Klaus Steden
2008-Feb-04 21:54 UTC
[Lustre-discuss] Client hangs when reading from Lustre ...
Hello, I''m trying to figure out something odd ... a node in my cluster hangs when I run ''df'', or ''find -exec file {}'' or other commands like that. No other clients in the cluster exhibit the same behaviour. I''m seeing a lot of messages like this in its syslog: -- cut -- Feb 4 13:51:37 tiger-0-6 kernel: LustreError: 5827:0:(client.c:576:ptlrpc_check_status()) @@@ type == PTL_RPC_MSG_ERR, err == -30 req at 000001010d30e400 x9218/t0 o8->ost1_UUID at tiger-oss-0-0.local_UUID:6 lens 240/272 ref 1 fl Rpc:R/0/40000 rc 0/-30 -- cut -- I haven''t had problems with this node before, but I''m hoping someone out there can maybe make a suggestion as to where to look to figure out what''s going on. The cluster is running kernel version 2.6.9-42.0.2.EL_lustre.1.4.7.1 with ROCKS 4.1. thanks, Klaus
Andreas Dilger
2008-Feb-04 23:22 UTC
[Lustre-discuss] Client hangs when reading from Lustre ...
On Feb 04, 2008 13:54 -0800, Klaus Steden wrote:> I''m trying to figure out something odd ... a node in my cluster hangs when I > run ''df'', or ''find -exec file {}'' or other commands like that. > > No other clients in the cluster exhibit the same behaviour. I''m seeing a lot > of messages like this in its syslog: > > -- cut -- > Feb 4 13:51:37 tiger-0-6 kernel: LustreError: > 5827:0:(client.c:576:ptlrpc_check_status()) @@@ type == PTL_RPC_MSG_ERR, err > == -30 req at 000001010d30e400 x9218/t0 > o8->ost1_UUID at tiger-oss-0-0.local_UUID:6 lens 240/272 ref 1 fl Rpc:R/0/40000 > rc 0/-30 > -- cut --/usr/include/asm/errno.h says -30 = -EROFS. That means your OST filesystem has likely been remounted read-only because of a detected filesystem error. Check your /var/log/messages for something like "LDISKFS-fs error ...: Remounting filesystem read-only". This will be accompanied by the reason the filesystem is read-only. Cheers, Andreas -- Andreas Dilger Sr. Staff Engineer, Lustre Group Sun Microsystems of Canada, Inc.
Klaus Steden
2008-Feb-04 23:47 UTC
[Lustre-discuss] Client hangs when reading from Lustre ...

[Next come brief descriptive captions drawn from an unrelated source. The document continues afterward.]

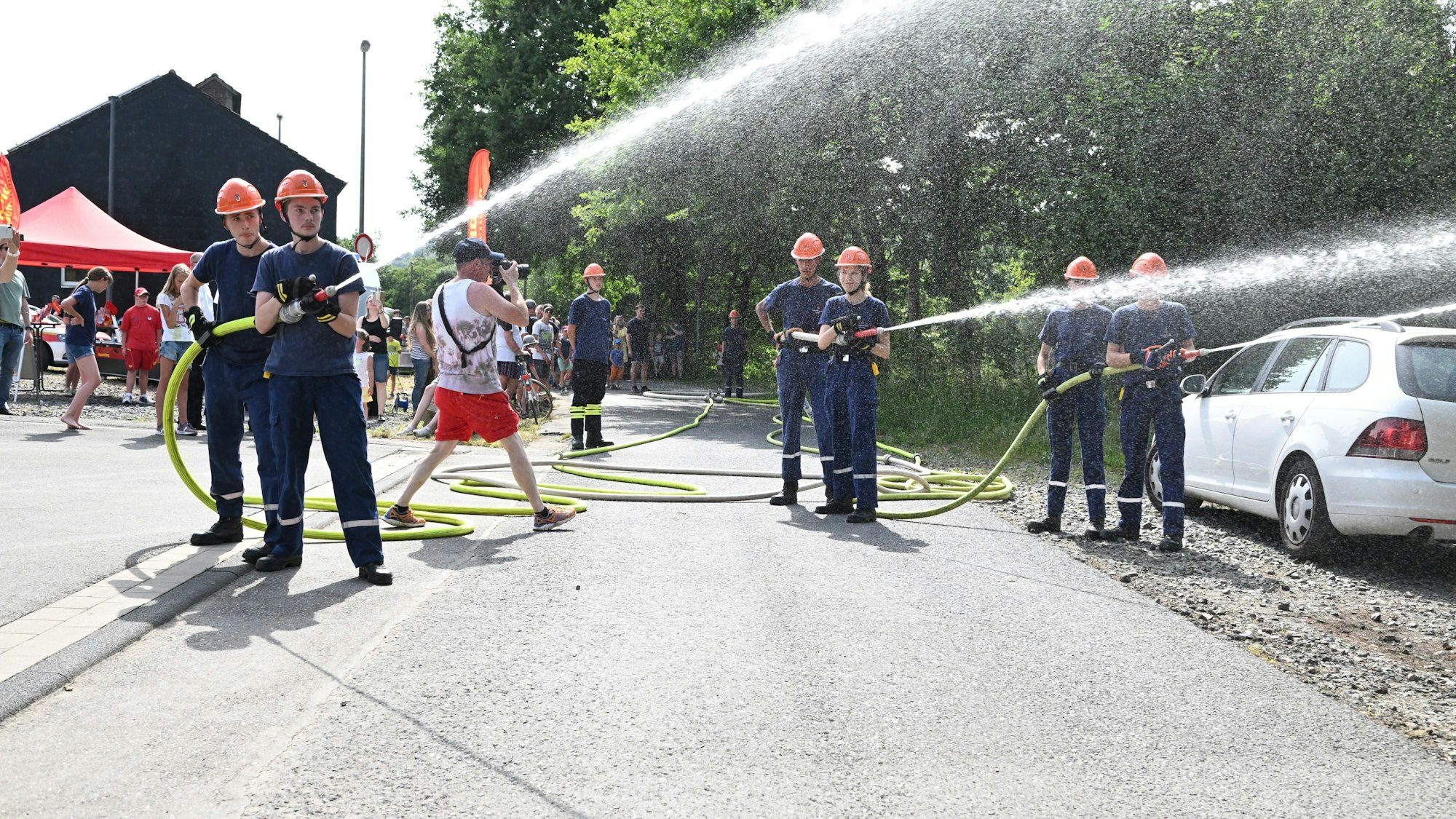 Mehrere junge Feuerwehrleute schießen Wasser aus zwei Schläuchen.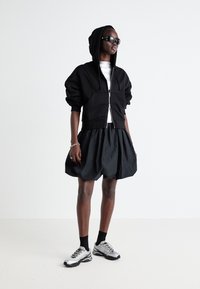 Felpa nera con zip e cappuccio, abbinata a una gonna nera voluminosa. Completata da scarpe sportive argento e calze scure.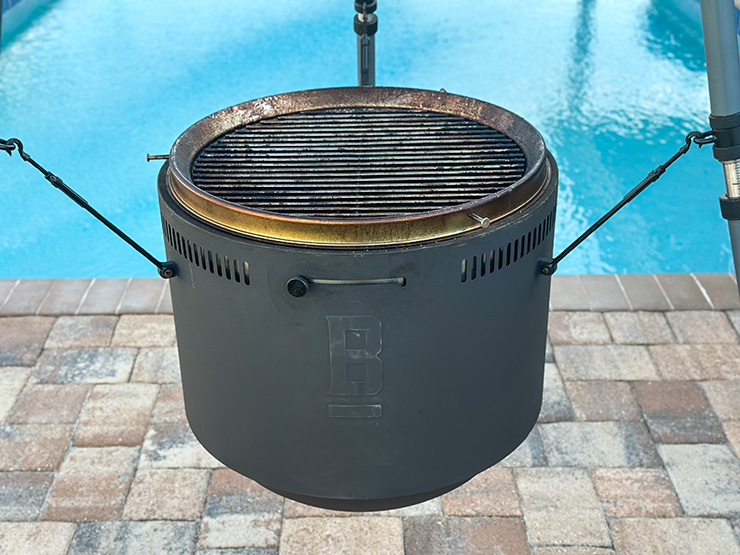 a close up view of the Burch Barrel Grill with an open lid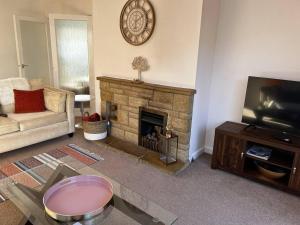 Una sala de estar con chimenea y televisión. en Charming 4-Bed House in Cheltenham Free Parking, en Cheltenham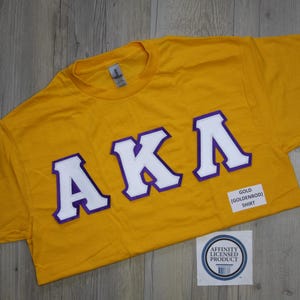 May include: A goldenrod yellow short-sleeve t-shirt featuring the Greek letters AKA in white with purple outlines. A small white rectangular label on the shirt reads GOLD (GOLDENROD) SHIRT, and a circular sticker reads AFFINITY LICENSED PRODUCT.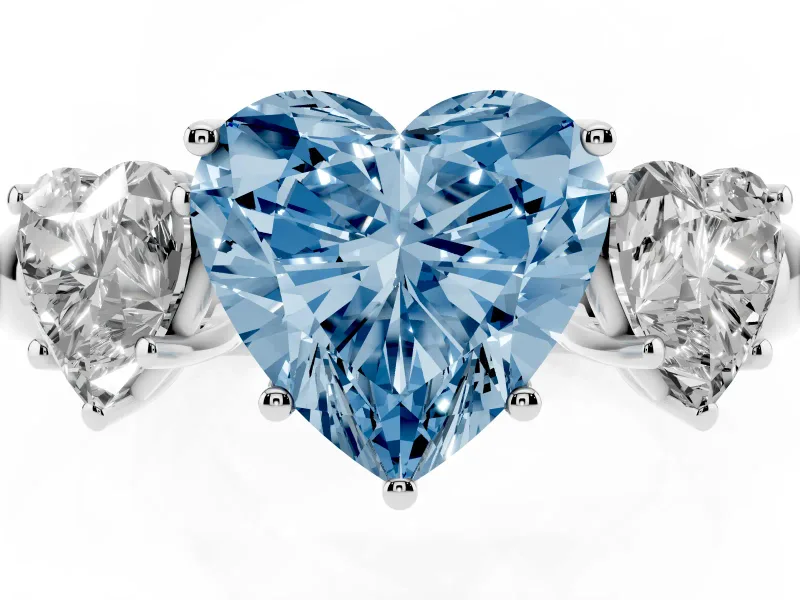 Fancy Blue Heart Cut Diamond Three-Stone Ring Set in Platinum with Bold Center and Classic Band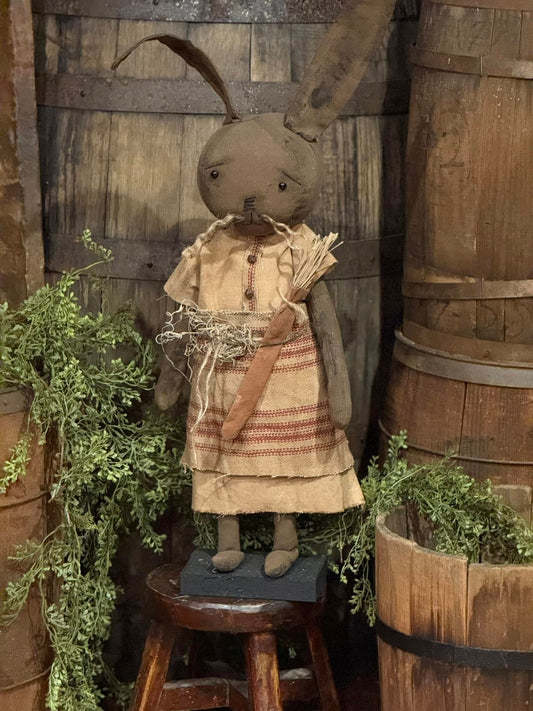 A plush toy resembling a brown rabbit wearing a grungy muslin dress and a burgundy ticking apron, standing against a rustic backdrop.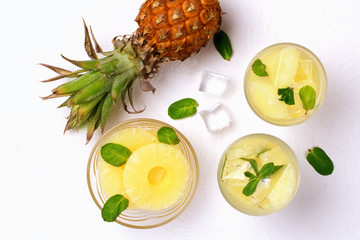 Infused water with pineapple and mint on whit background.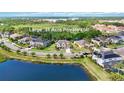 Aerial view of a home on a large .31 acre private lot, surrounded by lush greenery and a lake at 6318 Anise Dr, Sarasota, FL 34238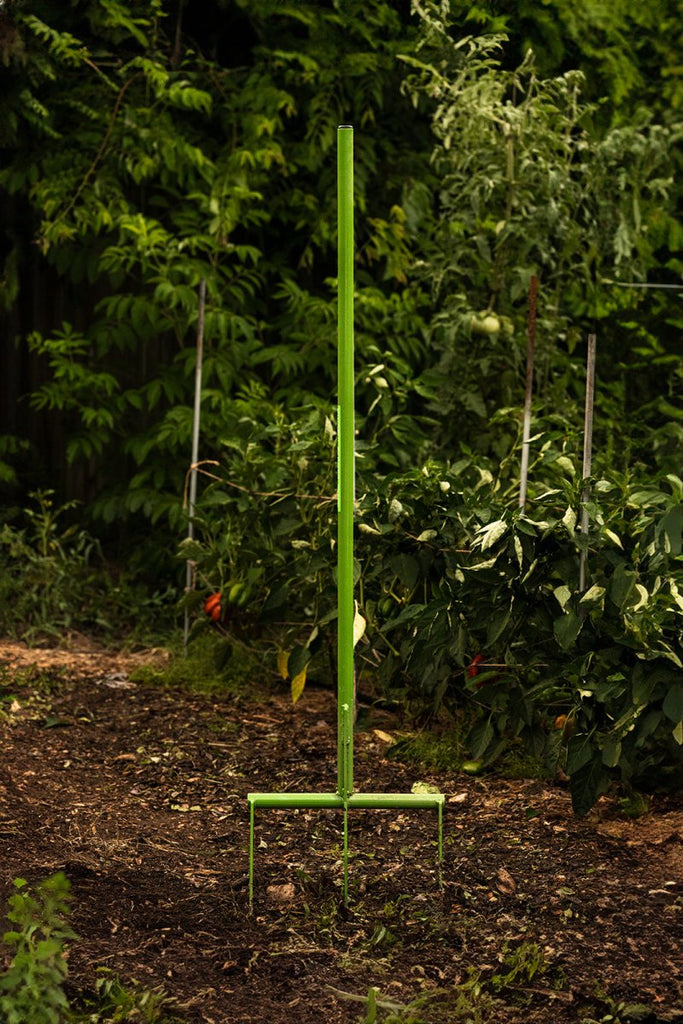 A green metal broadfork tool standing upright in a garden setting, with no visible handles or operators.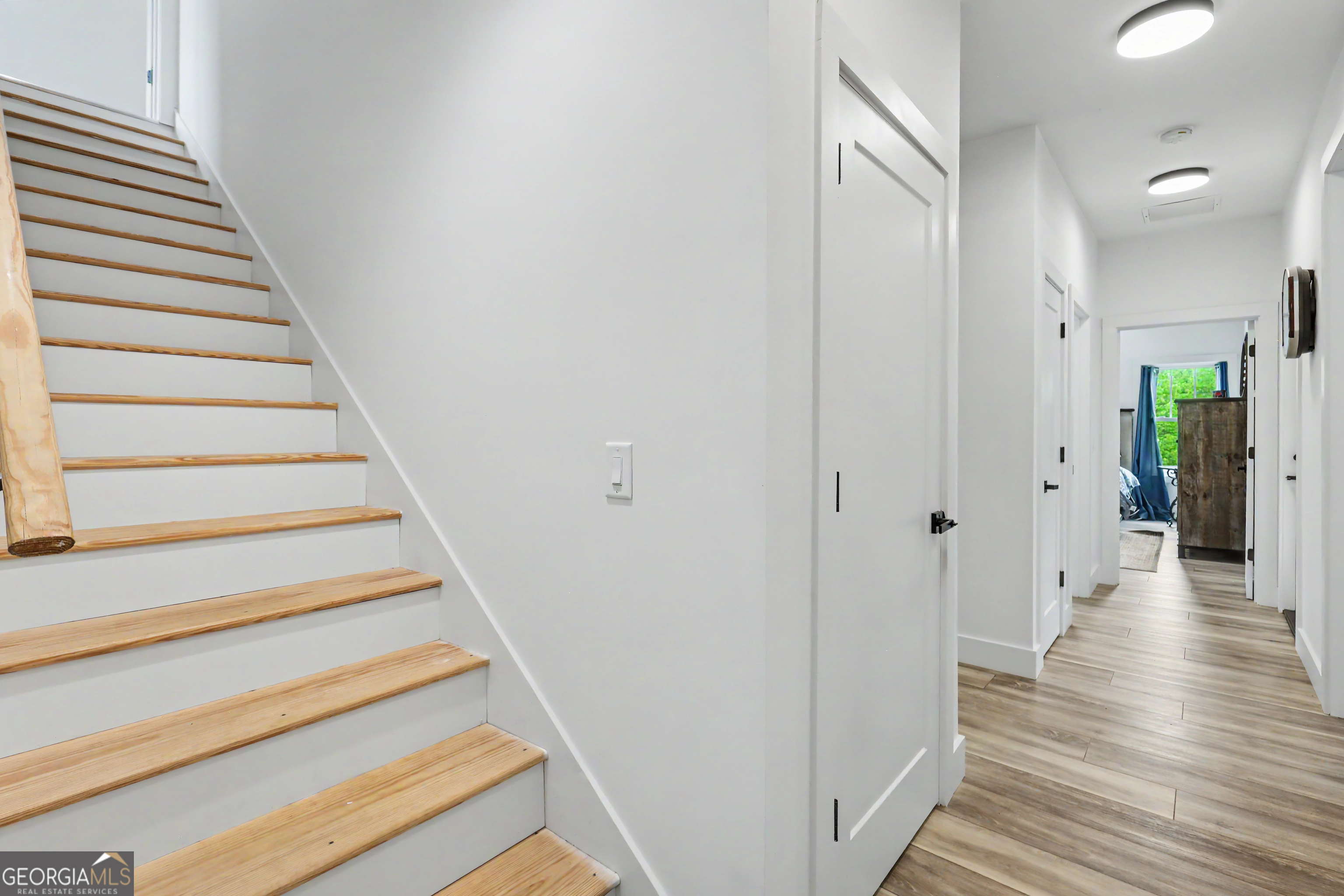 1424 Ridge Pointe Way Blairsville, GA 30512 - Photo 53 of 114 a view of a hallway with wooden floor and entryway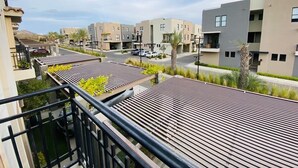 A residential area with modern buildings, a paved road, and a clear sky. - HOUSE OF THE SEA, fraction. private with pool, by car 7 minutes from the beach and downtown (Cabo San Lucas)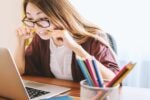 A person with glasses biting a pencil while looking at a laptop, conveying stress or concentration, with colored pencils in a cup nearby.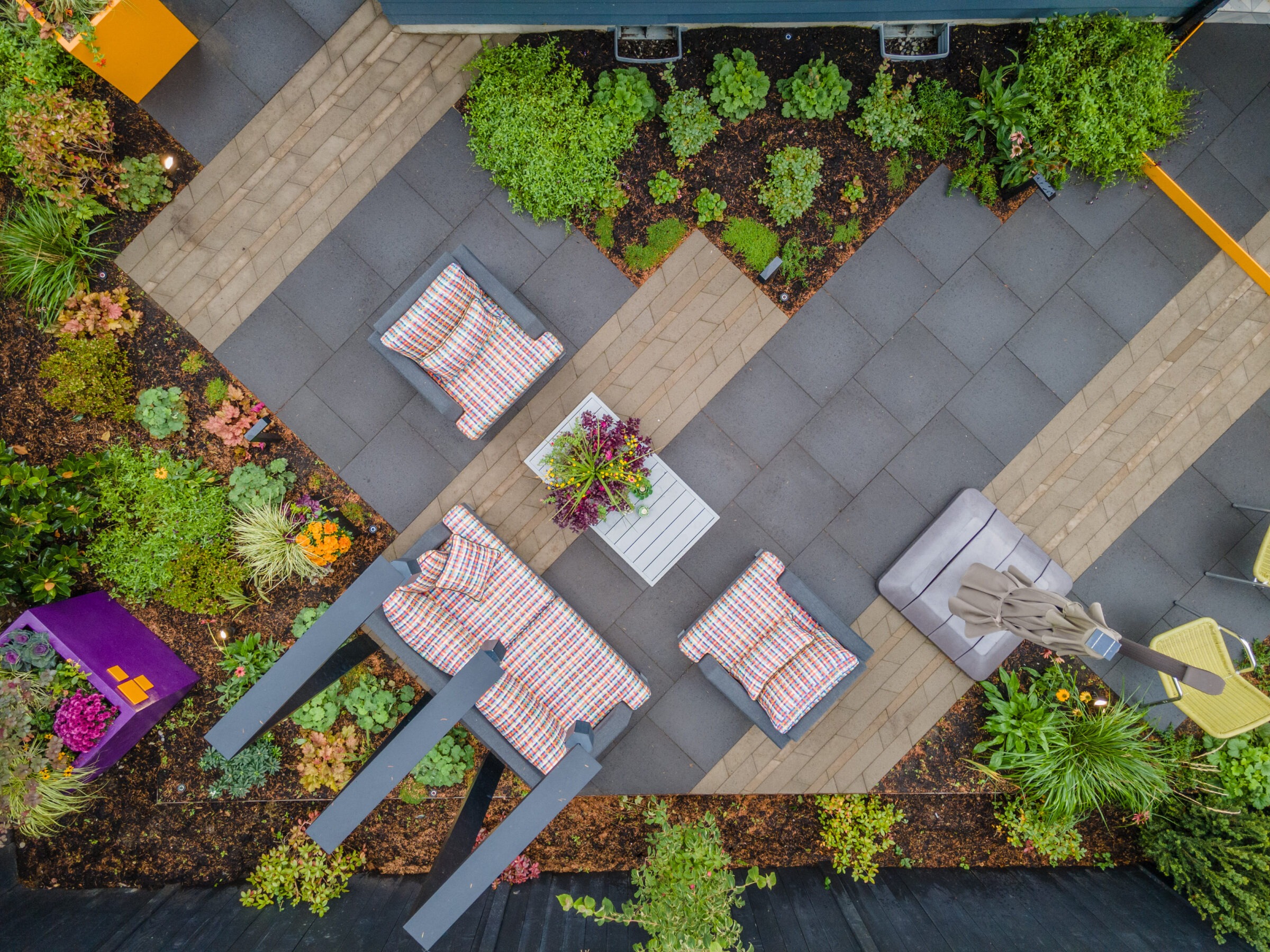 Aerial view of a modern patio with colorful furniture, geometric paving, and surrounding lush greenery. The space is neatly organized and vibrant.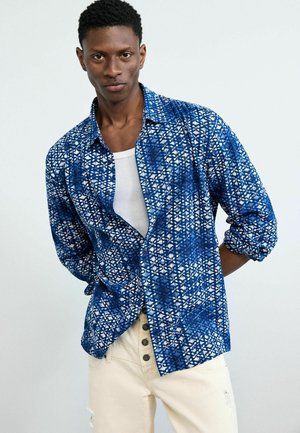 Mand iført blå mønstret skjorte med knapper over hvid tanktop og beige bukser, stående med hænderne bag ryggen mod en hvid baggrund.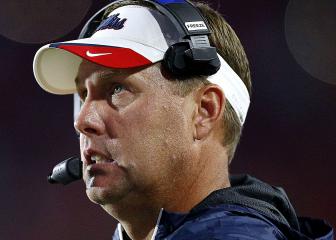 Football first: coach calls plays from his hospital bed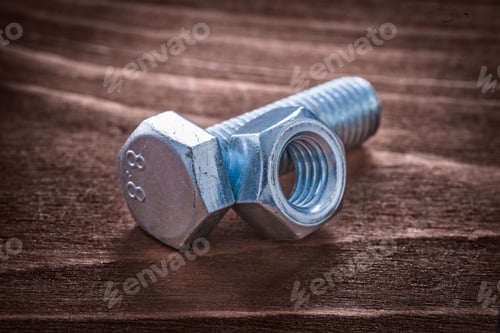 Preview: Threaded Metal Bolt And Screw Nut On Vintage Wooden Board Repairing Concept
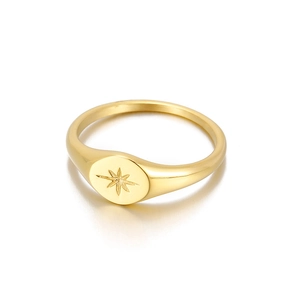Polished gold stainless steel signet ring with engraved eight-pointed star motif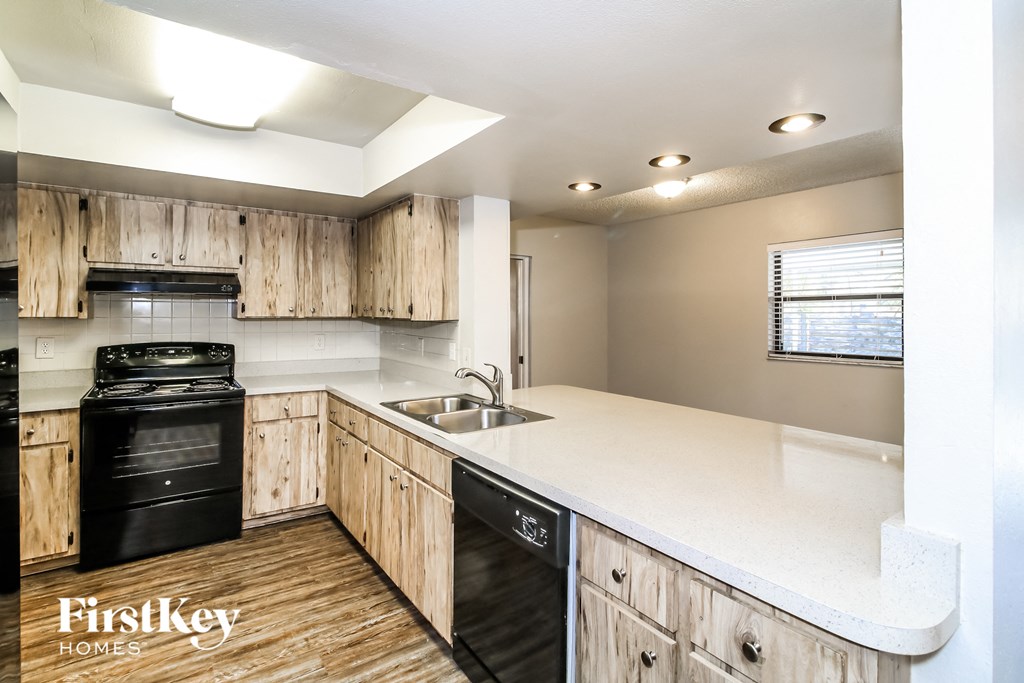 an updated kitchen with white countertops and wooden cabinets and black appliances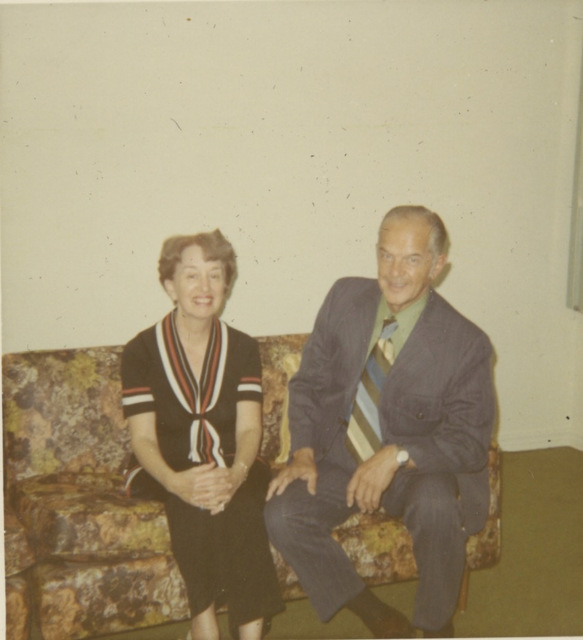 A middle aged white man and woman sit on a brown and yellow floral patterned couch. The woman has her legs crossed and her hands are clasped around her knee. She has on a black dress with red and white accents around the neckline and the cuffs of its short sleeves. She has short brown wavy hair. The man is in a gray suit with a green shirt and a wide, striped tie. He has receding white hair and a tan.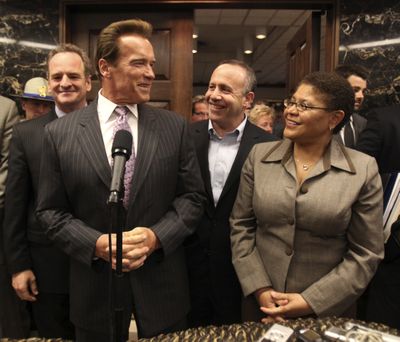 Gov. Arnold Schwarzenegger smiles at Senate President Pro Tem Darrell Steinberg, D-Sacramento, second from right, and Assembly Speaker Karen Bass, D-Los Angeles, after emerging from his office to announce an agreement has been reached Monday to solve California’s budget problem.   (Associated Press / The Spokesman-Review)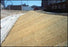 Straw erosion blanket on slope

Thanks Andreas ... That would make sense, although the only error message (or, message vaguely resembling an error message) that I could find was this one: -- cut -- /var/log/messages.1:Feb 1 09:28:09 tiger-oss-0-0 kernel: LDISKFS-fs error (device sdb): ldiskfs_journal_start_sb: Detected aborted journal -- cut -- I''m assuming that''s causing the problem -- but what''s the next step? Punt all the clients, stop Lustre, and run e2fsck on the affected device? Klaus On 2/4/08 3:22 PM, "Andreas Dilger" <adilger at Sun.COM>did etch on stone tablets:> On Feb 04, 2008 13:54 -0800, Klaus Steden wrote: >> I''m trying to figure out something odd ... a node in my cluster hangs when I >> run ''df'', or ''find -exec file {}'' or other commands like that. >> >> No other clients in the cluster exhibit the same behaviour. I''m seeing a lot >> of messages like this in its syslog: >> >> -- cut -- >> Feb 4 13:51:37 tiger-0-6 kernel: LustreError: >> 5827:0:(client.c:576:ptlrpc_check_status()) @@@ type == PTL_RPC_MSG_ERR, err >> == -30 req at 000001010d30e400 x9218/t0 >> o8->ost1_UUID at tiger-oss-0-0.local_UUID:6 lens 240/272 ref 1 fl Rpc:R/0/40000 >> rc 0/-30 >> -- cut -- > > /usr/include/asm/errno.h says -30 = -EROFS. That means your OST filesystem > has likely been remounted read-only because of a detected filesystem error. > Check your /var/log/messages for something like "LDISKFS-fs error ...: > Remounting filesystem read-only". This will be accompanied by the reason > the filesystem is read-only. > > Cheers, Andreas > -- > Andreas Dilger > Sr. Staff Engineer, Lustre Group > Sun Microsystems of Canada, Inc. >
Andreas Dilger
2008-Feb-05 01:07 UTC
[Lustre-discuss] Client hangs when reading from Lustre ...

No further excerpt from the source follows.